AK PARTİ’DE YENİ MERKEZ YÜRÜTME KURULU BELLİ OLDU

========================================

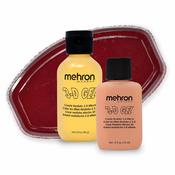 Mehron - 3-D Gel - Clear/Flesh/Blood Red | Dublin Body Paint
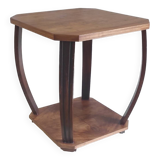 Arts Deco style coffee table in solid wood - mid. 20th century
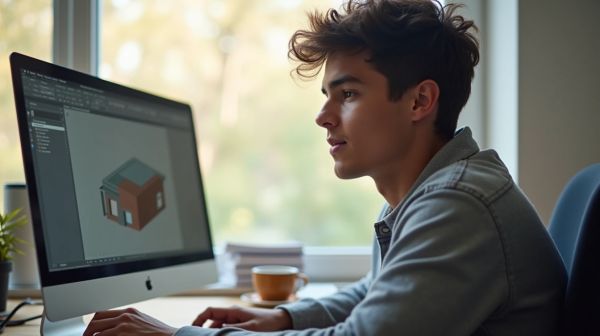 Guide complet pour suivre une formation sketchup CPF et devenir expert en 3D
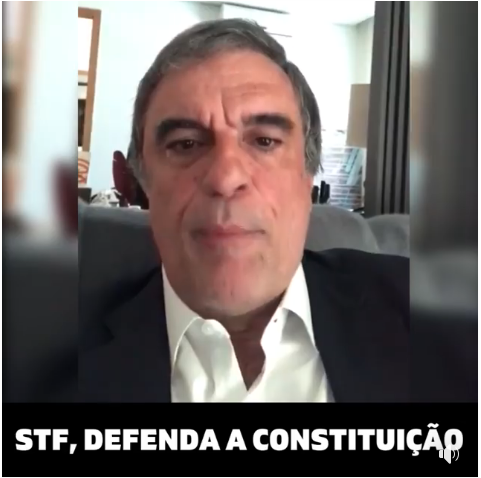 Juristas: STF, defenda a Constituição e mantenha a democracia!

========================================

#### WHAT YOU HAVE TO DO:
Using the data above, transcribe exactly the lines between those containing "Mehron - 3-D" and "Juristas: STF, defenda", inclusive, and leave every picture behind.

#### SOLUTION FOR THIS PROBLEM:
 Mehron - 3-D Gel - Clear/Flesh/Blood Red | Dublin Body Paint
 Arts Deco style coffee table in solid wood - mid. 20th century
 Guide complet pour suivre une formation sketchup CPF et devenir expert en 3D
 Juristas: STF, defenda a Constituição e mantenha a democracia!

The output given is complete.